Joels Probe

Der Pferdebursche Joel steht vor einer schier unlösbaren Aufgabe. Noch immer befindet er sich mit dem Straßenkind Erwenk in dem düsteren Wald von Mobent. Erwenk ist von dem Dämon Lluth, dem einstigen Gott des Scherzes und des Schabernacks, besessen , ohne selbst etwas davon zu wissen. Dunkle Mächte der Alten Zeit greifen durch Erwenk nach der Neuen Zeit, um sie zu vernichten. Das muss verhindert werden und zudem im Geheimen bleiben, um Erwenk nicht zu gefährden. Nun sind sie unterwegs zu dem einzigen noch intakten Ort, an dem Dämonen ausgetrieben werden können: dem Tempel von Aradimar. Die Amazone Belharis, die das Orakel von Aradimar befragen will, hat sich ihnen angeschlossen. Sie bereitete Joel von Anfang an Schwierigkeiten. Als Erwenk unter dem Einfluss von Lluth sie und ihr Volk beleidigt, bedroht sie das Kind mit dem Tode, sollte soetwas noch einmal passieren. Doch wie kann Joel die Ausbrüche des Dämons und die Amazone stoppen? Nachdem Joel in der Nacht eine tiefe innere Krise bewältigt hat, wacht er am nächsten Morgen gestärkt und voller Zuversicht auf. Er hat Frieden mit seiner Gabe einer besonderen Intuition geschlossen, die sein Lehrmeister Alek einen ›wabernden Geist‹ nannte und ablehnte. Nun kann Joel neue Kräfte freisetzen. Die braucht er aber auch, denn der Wald von Mobent steckt voller Fallen. Das kleine Grüppchen läuft einer Räuberbande in die Arme – und die Amazone muss ihre Kampfkraft beweisen.

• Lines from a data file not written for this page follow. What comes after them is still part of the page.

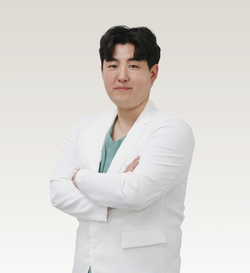 척추 전문 유용진 다병원 원장.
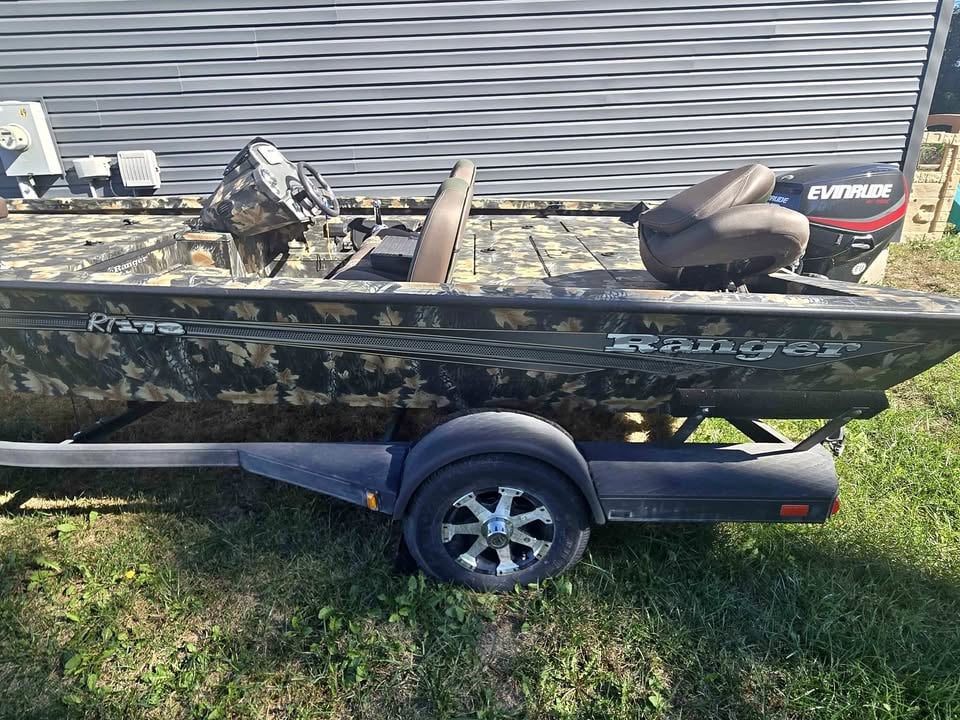 Ranger RT178 Bass Boat with Evinrude 60 Motor for sale in Wentzville, MO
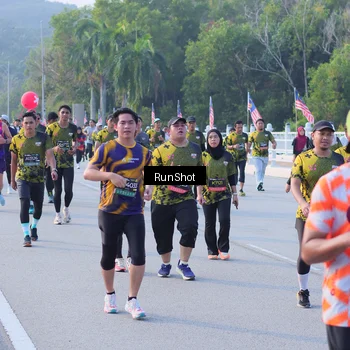 Runner Photo 7124665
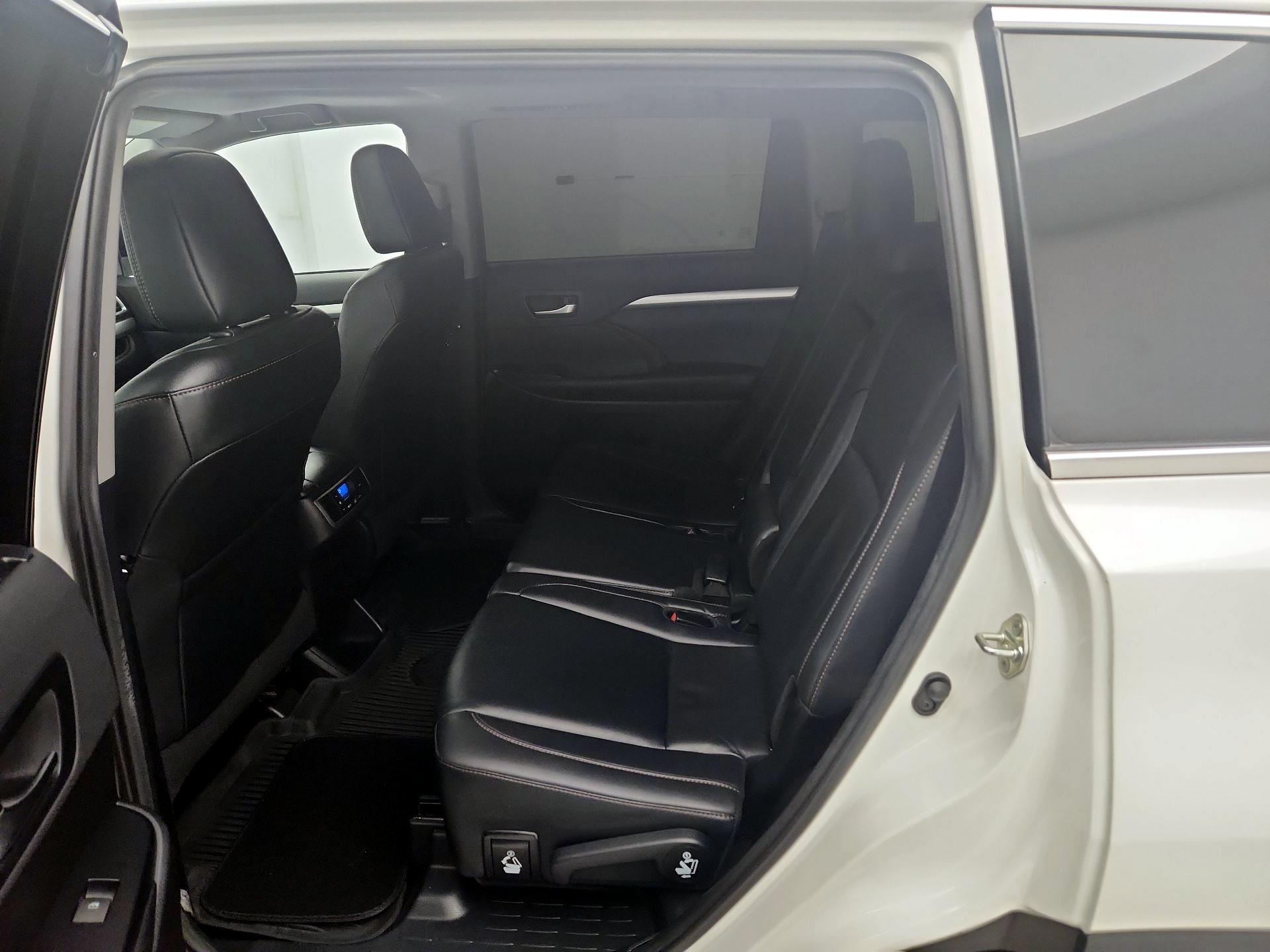 Thumbnail: 2019 Toyota Highlander - 19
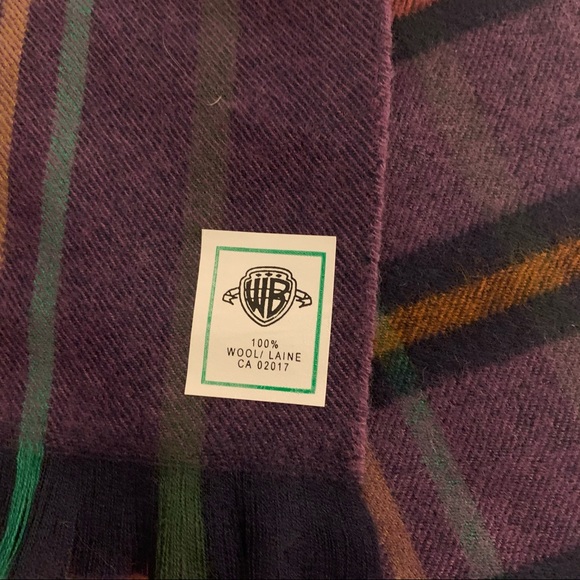100% Wool Purple Plaid Scarf - Picture 3 of 5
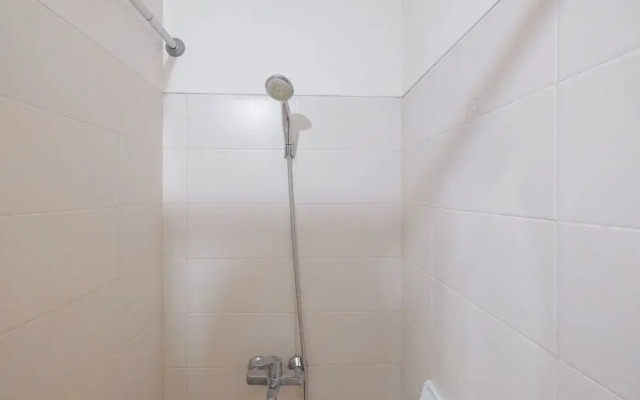 Studio Apartment Near Kalibata Station At Woodland Park Residence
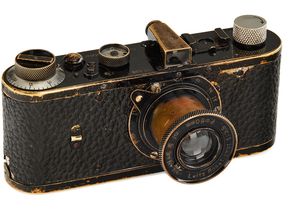 Die Nr. 105 der Leica-0-Serie aus dem Jahr 1923.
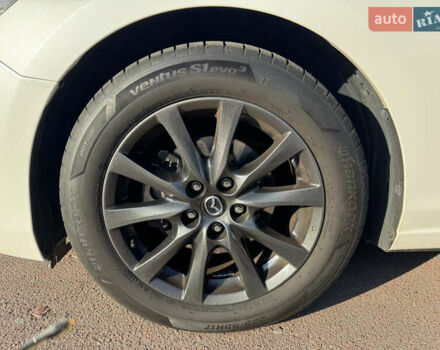Білий Мазда 6, об'ємом двигуна 2 л та пробігом 145 тис. км за 17000 $, фото 13 на Automoto.ua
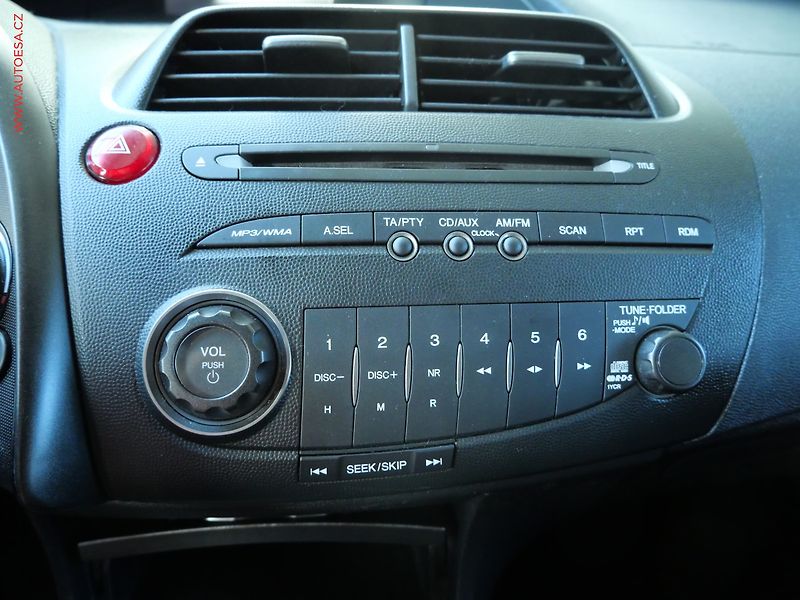 Honda Civic (2010) 1.8 i-VTEC, AC, park.čidla - fotka 18 z 20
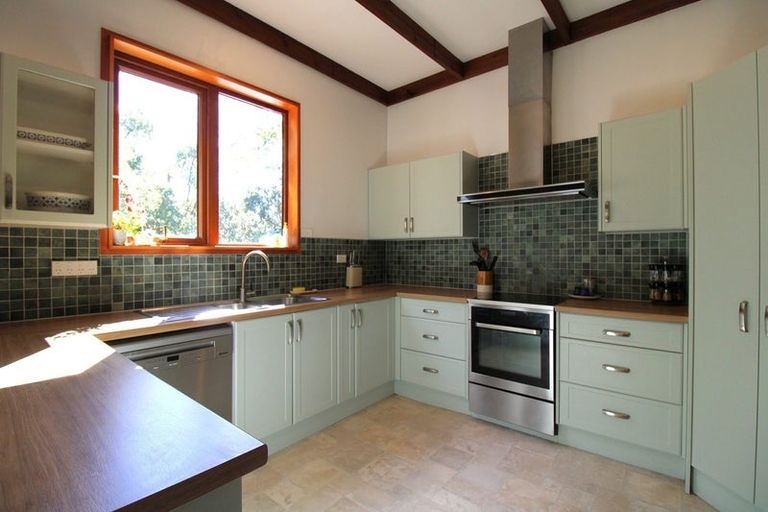 Photo of property in 25 Kaka Road, Saint Leonards, Dunedin, 9022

Joel gewinnt auf seinem weiteren Weg neue Helfer hinzu, trifft aber auch einen alten Feind: Erik, Herzog Bannos jüngsten Sohn, der Joel und Erwenk verfolgt. Und er ist noch gefährlicher geworden, denn auch er ist nun von einem starken Dämon besessen. Erik schneidet den Gefährten den Weg zur Straße ab, und so müssen sie durch das wilde Gebirge Rakir ziehen. Ein riskanter Wettlauf zum Tempel von Aradimar beginnt.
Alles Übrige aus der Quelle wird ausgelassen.